### PROBLEM DESCRIPTION
Find each line below that includes "Photo", then copy it.

### DATASET CONTENT
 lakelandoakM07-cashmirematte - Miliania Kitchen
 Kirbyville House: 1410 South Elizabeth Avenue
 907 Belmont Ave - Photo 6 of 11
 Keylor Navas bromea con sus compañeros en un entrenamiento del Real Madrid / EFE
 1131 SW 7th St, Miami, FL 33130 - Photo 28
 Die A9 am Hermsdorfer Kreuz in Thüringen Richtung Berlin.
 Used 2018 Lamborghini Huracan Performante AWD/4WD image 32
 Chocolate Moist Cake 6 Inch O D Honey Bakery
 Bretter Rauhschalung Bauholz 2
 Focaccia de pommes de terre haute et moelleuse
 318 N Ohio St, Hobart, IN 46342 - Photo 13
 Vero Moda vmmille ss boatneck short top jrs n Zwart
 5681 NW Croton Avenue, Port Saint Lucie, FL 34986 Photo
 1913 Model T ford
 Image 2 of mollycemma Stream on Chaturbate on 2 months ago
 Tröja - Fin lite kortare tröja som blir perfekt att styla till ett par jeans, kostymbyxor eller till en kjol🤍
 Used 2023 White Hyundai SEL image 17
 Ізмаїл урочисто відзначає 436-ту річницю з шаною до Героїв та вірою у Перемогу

### SOLUTION FOR THIS EXERCISE
 907 Belmont Ave - Photo 6 of 11
 1131 SW 7th St, Miami, FL 33130 - Photo 28
 318 N Ohio St, Hobart, IN 46342 - Photo 13
 5681 NW Croton Avenue, Port Saint Lucie, FL 34986 Photo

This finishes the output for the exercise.